What you return must match the data below exactly, minus any pictures.

Information shown: Begin

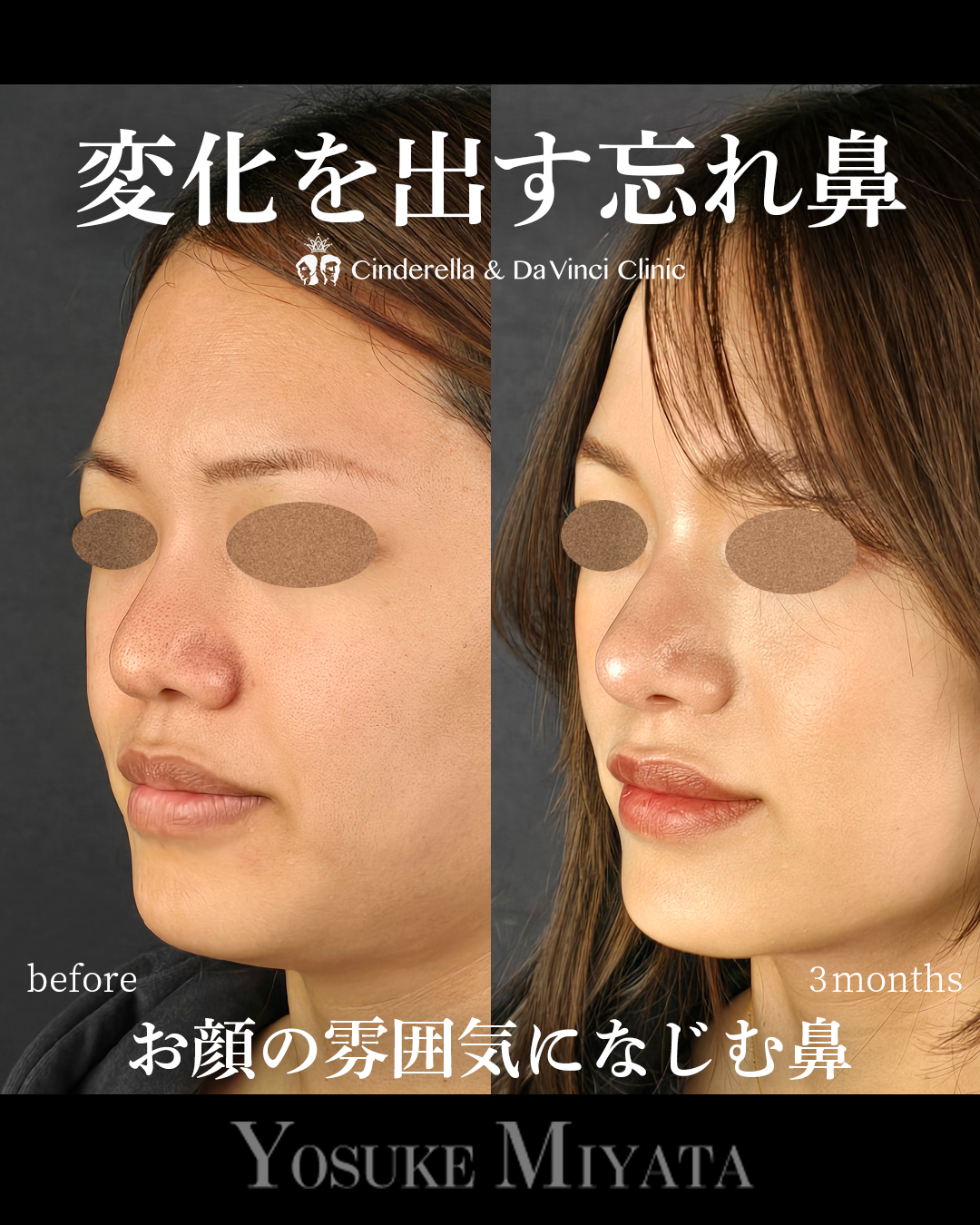 ナチュラルな忘れ鼻の画像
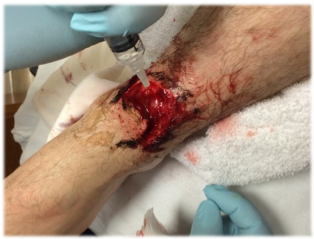 Close up of cut on ankle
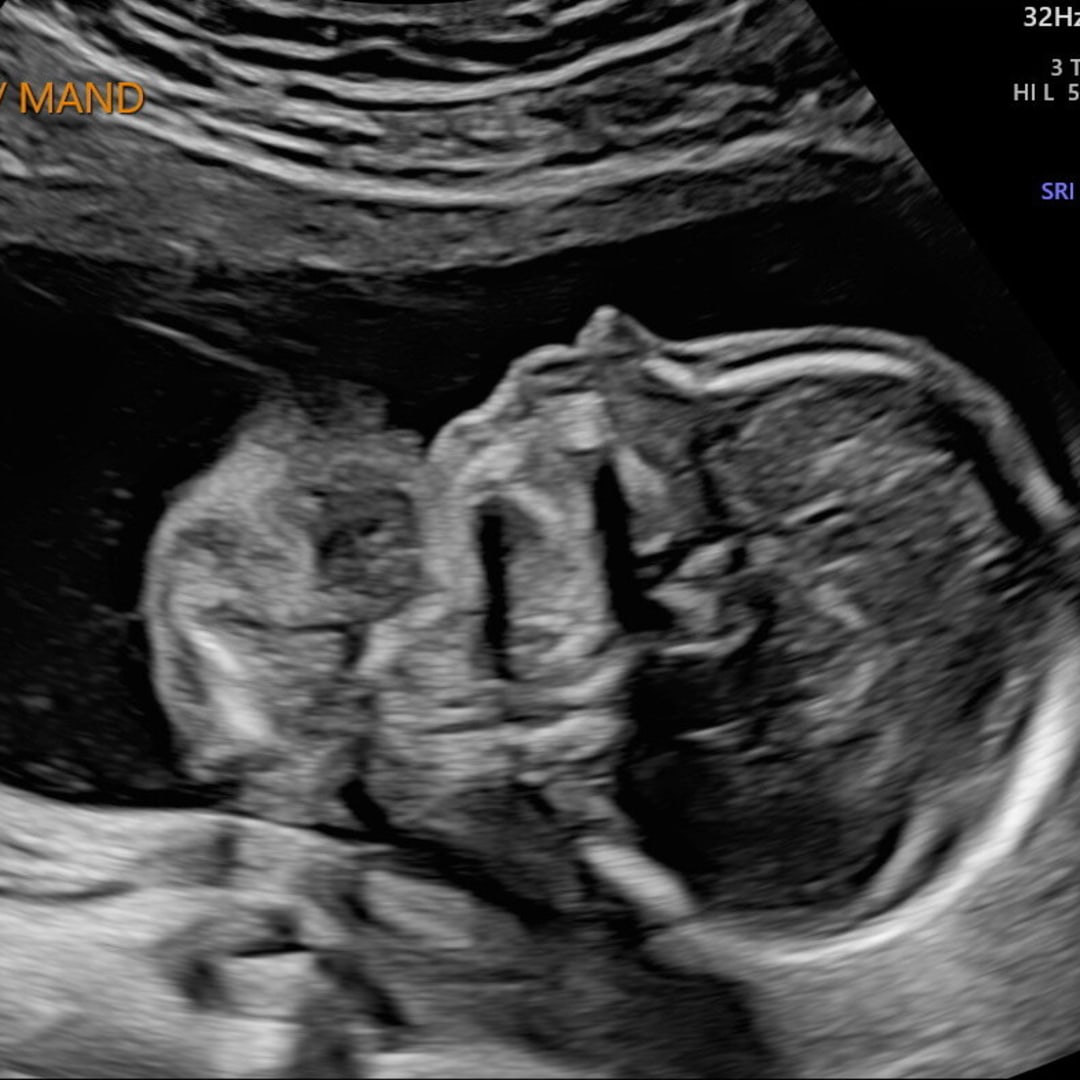 Photo shared by Ashlyn for their Babylist baby registry.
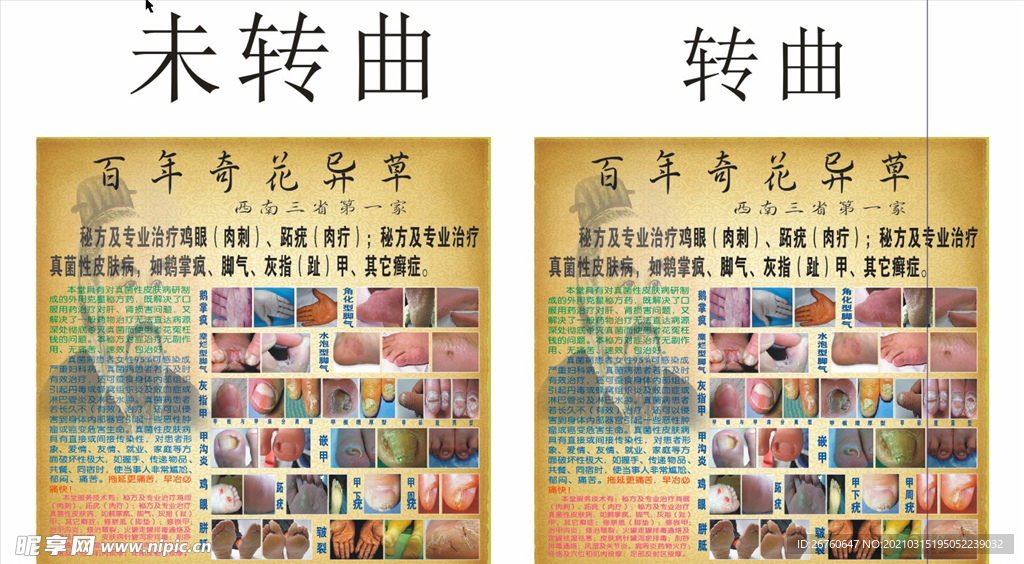 灰指甲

Information shown: End

Answer section:
 ナチュラルな忘れ鼻の画像
 Close up of cut on ankle
 Photo shared by Ashlyn for their Babylist baby registry.
 灰指甲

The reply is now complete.